* **Task**: Skip the pictures and repeat each line of the data exactly.

* **Data extract**:

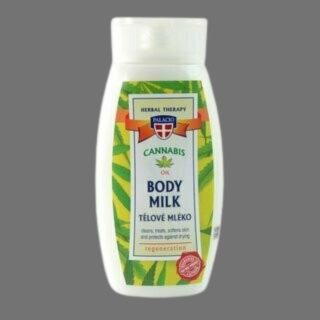 Cannabis shower gel
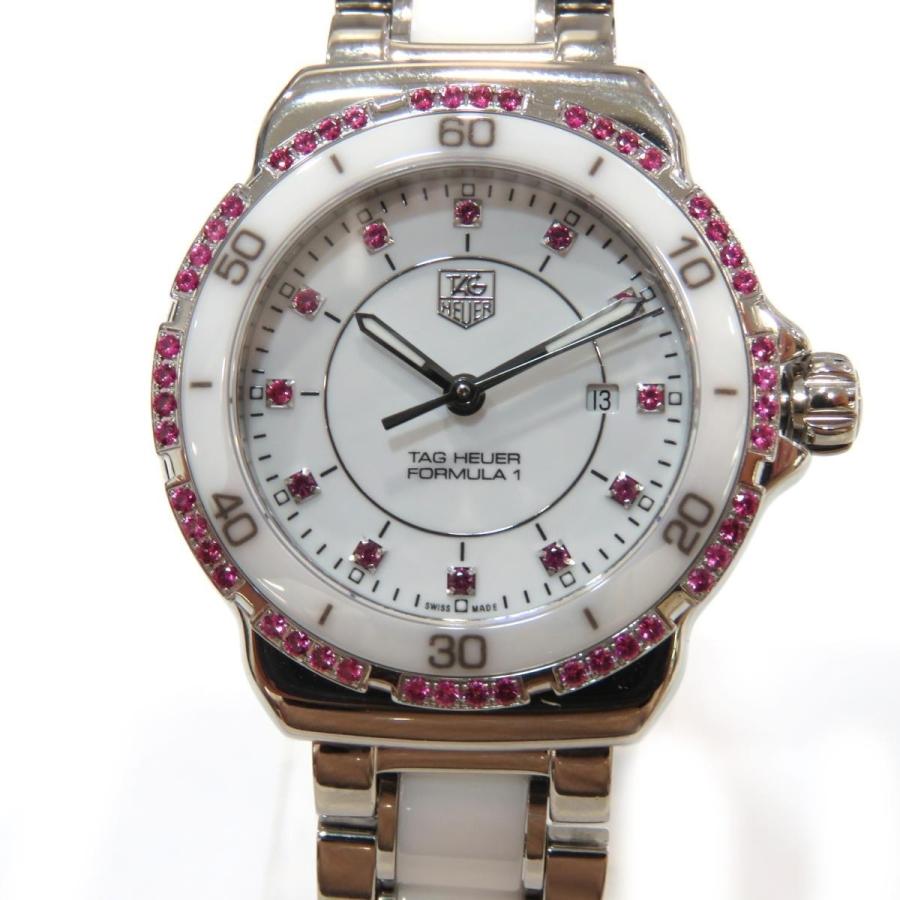TAG HEUER(タグホイヤー) フォーミュラ1 時計 WAH1319.BA0868 ホワイト 
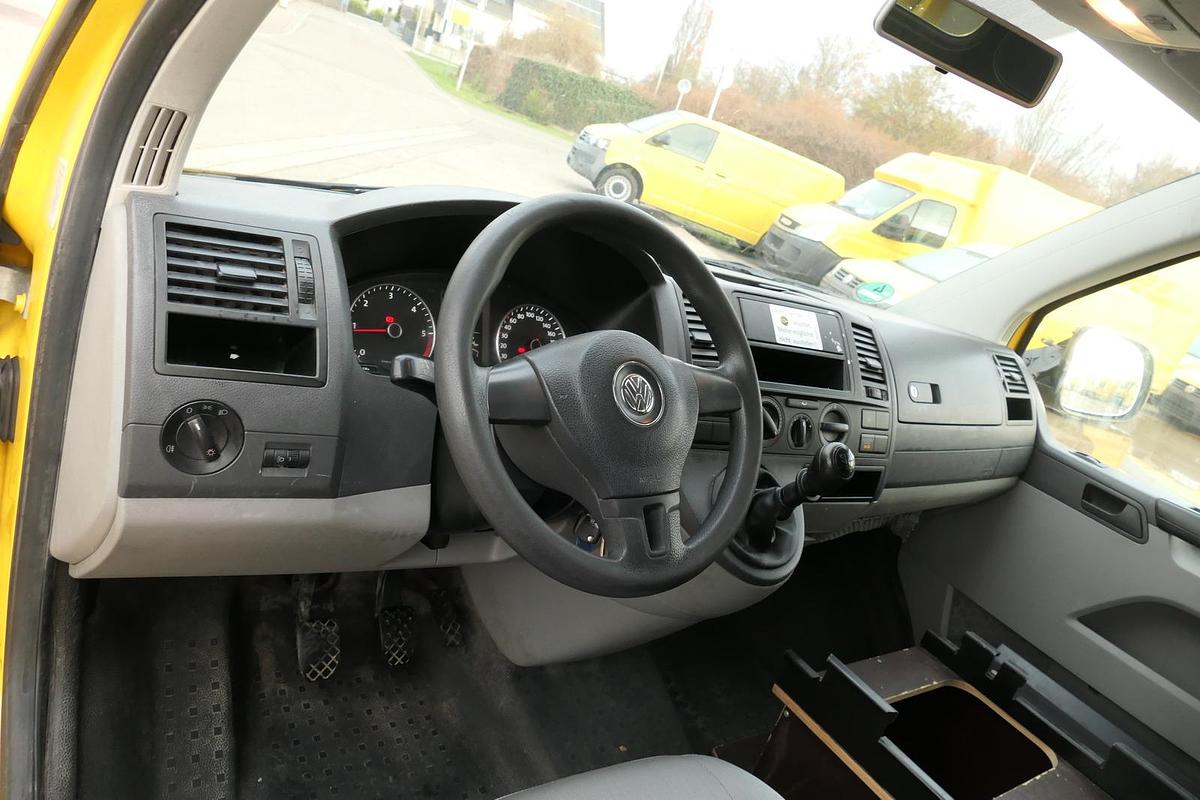 Gebraucht Volkswagen T5 Transporter 2.0 TDI PARKTRONIK EURO-5 2xSCHIEBETÜR CoC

* **Completed exercise**:
 Cannabis shower gel
TAG HEUER(タグホイヤー) フォーミュラ1 時計 WAH1319.BA0868 ホワイト 
 Gebraucht Volkswagen T5 Transporter 2.0 TDI PARKTRONIK EURO-5 2xSCHIEBETÜR CoC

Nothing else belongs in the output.